View Full Version : Slab top-side vapor control — Airspace approach
02-24-2012, 09:40 PM
Read the "READ THIS BEFORE YOU DESIGN,BUILD OR RENOVATE (http://www.buildingscience.com/documents/guides-and-manuals/gm-read-this-before-you-design-build-renovate/view?topic=doctypes/guides-and-manuals)" doc and found above recommendation on page 13 or 19, Or view it here (click me) (http://freepdfhosting.com/f189e71033.pdf). Many of you here, including Dana, seems like "poly + foam + plywood" approach for basement floor. Above approach is "dimpled + foam + plywood".
The dimpled is more expensive than poly. is it worth to spend several hundreds more?
I haven't seen any good science that would indicate a need for dimpled membrane rather than 10-mil poly as a capillary break when retrofitting a slab. The wicking potential of either poly or XPS is extremely small, and no-wicking/drying toward the basement==no mineral depletion of the concrete. The slab itself doesn't "need to dry", and encouraging moisture migration through the slab only degrades it. The additional benefit of having an air-space between the extremely low-permeance non-wicking poly sheeting and the concrete is academic.
Dimpled membranes may be useful under ceramic or wood flooring with NO foam with damp slab, where a rip in a poly sheet might allow some wicking of moisture into the ceramic, staining it.

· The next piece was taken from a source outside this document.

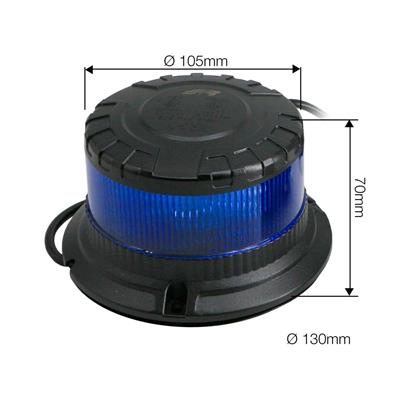 Luce lampeggiante blu fissaggio con bulloni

But with an inch of (no-wicking low-permeance) XPS that's not a likely scenario.
If the water table is occasionally high and you regularly get wet spots or efflorescence on the slab, use a concrete sealer on it before the poly + foam.
02-28-2012, 05:20 AM
Do I need to leveling the floor before put poly+ foam?
If you were planning to use a cement based floor leveler it'll bond better and have fewer cracking issues if you apply it to the slab, and not on top of the foam.